Two US Navy warships have docked at a Vietnamese naval base, the first such port call since the normalization of relations 21 years ago.
Submarine tender USS Frank Cable and guided-missile destroyer USS John S. McCain entered a deep water base in Cam Ranh Bay in Khanh Hoa province on Sunday, the US Navy said in a statement on Tuesday.
Before entering the Cam Ranh Bay, USS John S. McCain also made a port call in nearby Da Nang City, according to the statement.
The coastal city, perched strategically on the South China Sea, is where US combat forces first arrived in Vietnam in 1965. The US carried out an eight-year military intervention in the country from 1965 to 1973, killing thousands of Vietnamese people.
Diplomatic ties between the two countries were restored in 1995.
The US and Vietnam started to improve their naval ties after US President Barack Obama declared the complete removal of America’s arms embargo against the “extremely important” ally in a three-day visit back in May.
Before the arrival of American warships, Cam Ranh Bay had been used by Russian and French navies.
The visit by American vessels came shortly after the Hanoi government decided to make the base available to visiting foreign navy vessels in a bid to maintain a stronger presence in the South China Sea, amid maritime disputes with China.

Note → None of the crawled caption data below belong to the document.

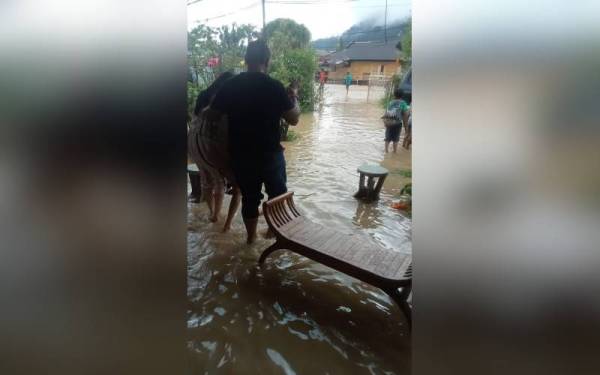 Keadaan semasa di sekitar Sungai Serai, Hulu Langat. - Foto JBPM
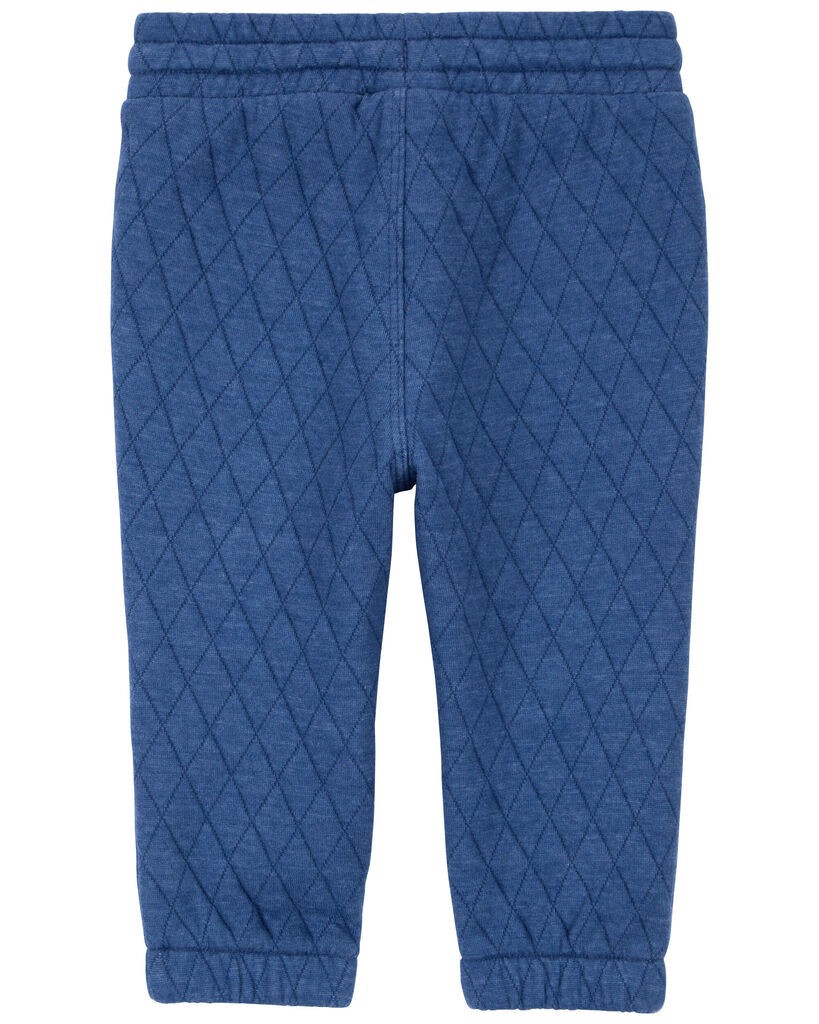 slide 3 of 3, Oshkosh Baby Quilted Joggers Blue 24M, 1 ct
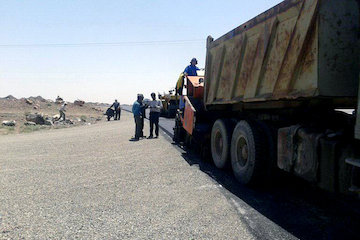 بهرهمندی ۲۸۷ خانوار روستاهای شهرستان جاجرم خراسان شمالی از راه روستایی مناسب  آسفالت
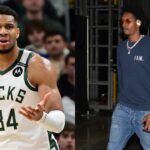 Giannis Antetokounmpo(L) and Lou Williams(R)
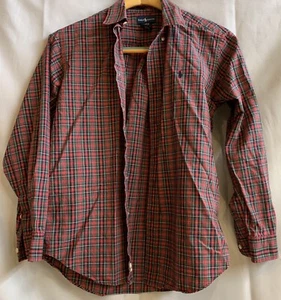 Ralph Lauren kariertes Langarmhemd mit Knopfleiste - Bild 1 von 8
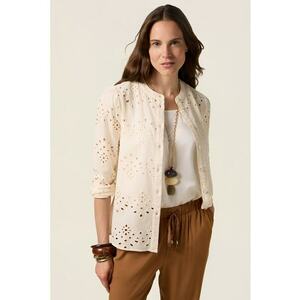 Camasa de bumbac cu broderie imagine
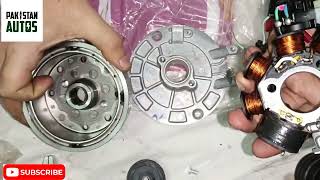 Unboxing Of Magnet Coil And Magnet Wheel Of Cd 70Price Of Magnet Coil.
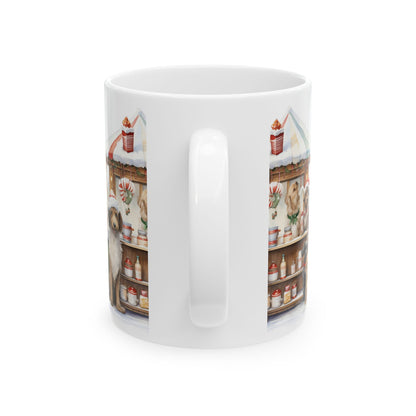 Christmas Dog Treat Stand Ceramic Mug 11oz   Item #259191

The US has reached out to Vietnam and other countries surrounding the South China Sea such as Taiwan, India, Vietnam, Malaysia and the Philippines in order to counter China’s sovereignty claims over the waters.
Washington has also sent several of its warships to the region to protect what it calls “freedom of navigation” in the sea, which serves as a gateway for trillions of dollars in maritime trade every year.
China, in response, has condemned America’s meddling in regional issues, accusing Washington of deliberately stirring up tensions in the South China Sea.